BIST DU DER EINZIGE, DER VON ANFANG AN DABEI IST?

Nein. Mark, den du am Ende der Show sehen konntest, ist auch seit 2008 dabei. Wir beiden sind sozusagen die Senioren der Company und die treibende Kraft als Partner im Geschäftlichen und im Privaten.

IHR SEID ZUSAMMEN?

Ja, wir lieben uns und müssen trotzdem versuchen, miteinander zu arbeiten. Aber ich bin der Chef! (lacht)

LEBT IHR NOCH IN BRISBANE?

In der Nähe: auf einer Farm, ungefähr drei Stunden südlich.

ALSO ZWISCHEN BRISBANE UND SYDNEY?

Ja, genau.

ICH FRAGE DAS DESHALB, WEIL ICH RECHT OFT IN AUSTRALIEN WAR UND MELBOURNE, SYDNEY UND AUCH BRISBANE GANZ GUT KENNE UND ICH ÜBERRASCHT BIN, DASS SO EIN INTERESSANTES SHOWKONZEPT AUS QUEENSLAND KOMMT.

(lacht) Ich glaube, das hat eine Menge mit Isolation und Restriktionen zu tun. Wenn Menschen kulturell in einem Dampfkochtopf eingesperrt sind, kocht da etwas, was irgendwann explodiert. In den letzten fünf bis zehn Jahren sind viele interessante und erfolgreiche Projekte aus Brisbane gekommen. Ich glaube, das ist die Folge davon, wenn man gesagt bekommt, was man alles nicht tun soll.

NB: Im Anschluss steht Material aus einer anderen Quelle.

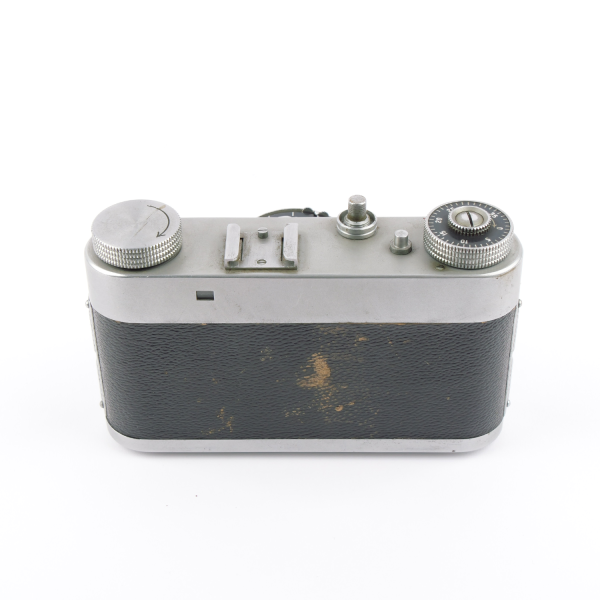 Gamma Atlas Gammar Acrom 6.3/50mm NOTTESTED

HATTEST DU NIE DAS BEDÜRFNIS, DAS KONSERVATIVE QUEENSLAND ZU VERLASSEN UND VIELLEICHT GLEICH NACH SYDNEY ZU GEHEN, WEIL ES DORT EINFACHER SEIN WÜRDE, ARTISTEN UND KÜNSTLER ZU FINDEN ODER DEINEN LEBENSSTIL ZU VERWIRKLICHEN?

Nein. Ich glaube auch, dass genau dieser Druck dazu geführt hat, dass sich die richtigen Personen für dieses Projekt getroffen haben. Man kann bestimmt schnell Artisten und Künstler finden und sie in einen Raum sperren und schauen, was dabei herauskommt. Aber das Ergebnis muss dann nicht zwingend das sein, was wir mit Briefs zeigen und erreichen wollen.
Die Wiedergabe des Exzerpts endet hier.